Papa Leone XIV è stato il primo, nella mattinata di venerdì 9 gennaio 2026, a entrare nella nuova esperienza di lettura digitale dell’immagine della Sindone. La novità gli è stata presentata in Vaticano dal cardinale Roberto Repole, arcivescovo di Torino e Custode pontificio del Telo, nel corso di un’udienza concessa nel Palazzo Apostolico.
Da Torino al mondo: l’immagine della Sindone sui telefoni di tutti
Si tratta di una proposta del tutto inedita: grazie a un programma accessibile via Internet, l’immagine sindonica potrà essere esplorata da chiunque, in ogni parte del mondo, utilizzando qualsiasi dispositivo – smartphone, tablet o computer – collegandosi ai siti www.avvolti.org e www.sindone.org.
La lettura digitale consente di “percorrere” l’immagine della Sindone direttamente sullo schermo, soffermandosi sui dettagli più significativi, come il Volto o i segni della corona di spine. Ogni ingrandimento è accompagnato da spiegazioni puntuali e da collegamenti ai brani dei Vangeli che raccontano la Passione di Gesù, offrendo così un percorso che unisce approfondimento visivo, riflessione e dimensione spirituale.

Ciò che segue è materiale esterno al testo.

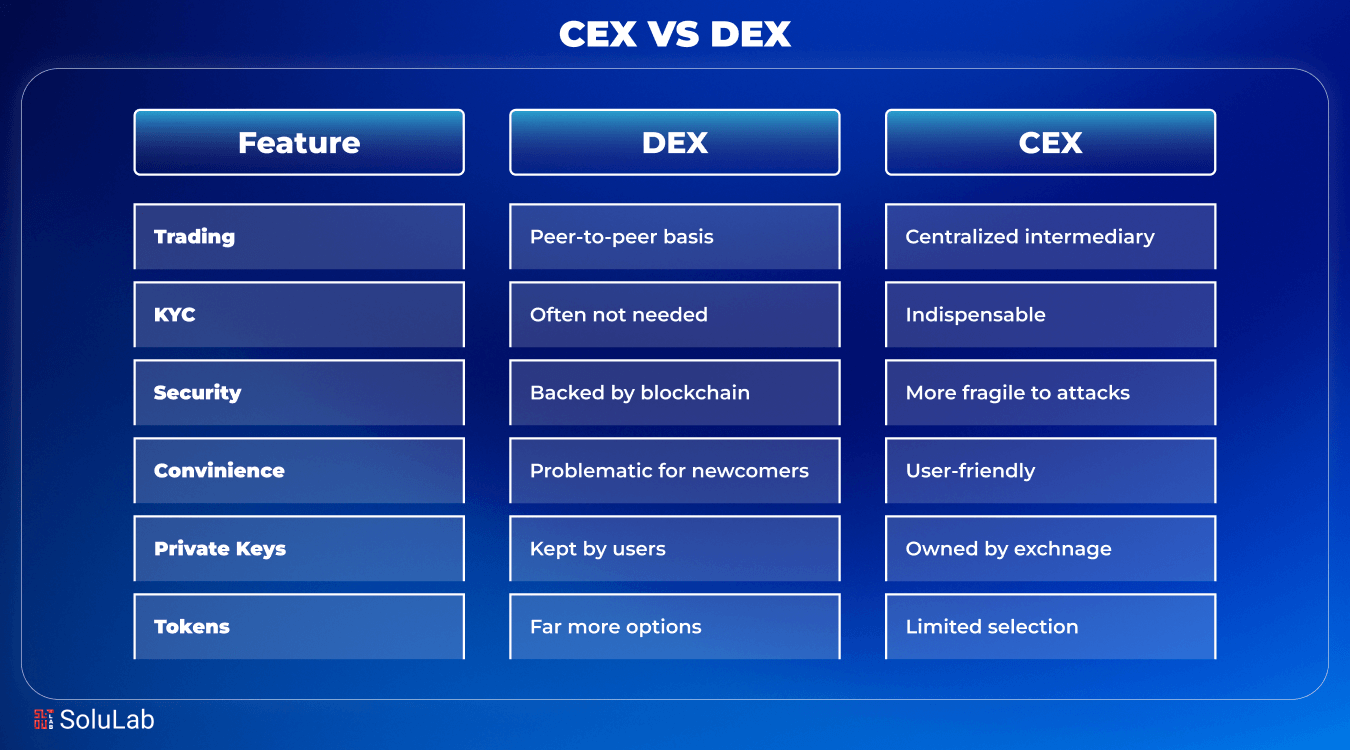CEX VS DEX (2)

L’obiettivo dell’iniziativa è avvicinare un pubblico ampio e internazionale all’immagine della Sindone e ai suoi molteplici significati. Pur mantenendo un rigoroso impianto scientifico nei testi e nelle immagini, il progetto è stato pensato come uno strumento accessibile a tutti, non riservato agli specialisti.
Questa esperienza digitale “globale” rientra nel progetto «Avvolti», realizzato dalla diocesi di Torino in occasione del Giubileo 2025. Nella primavera scorsa, una Tenda di «Avvolti» era stata allestita in piazza Castello a Torino, dove i visitatori avevano potuto sperimentare, tra le varie proposte, la lettura digitale dell’immagine sindonica riprodotta in scala 1:1 su un tavolo lungo cinque metri. In otto giorni, dal 28 aprile al 5 maggio, la Tenda era stata visitata da oltre 30 mila persone provenienti da 79 Paesi.
Nel corso dell’incontro con il Papa, il cardinale Repole ha ricordato come la pubblicazione della lettura digitale globale si inserisca nel percorso di “pastorale sindonica” avviato dalla diocesi di Torino nel 2024, che ha avuto in «Avvolti» il suo fulcro durante l’anno giubilare 2025. Un cammino destinato a proseguire nei prossimi anni, con nuove iniziative in preparazione in vista del Giubileo del 2033.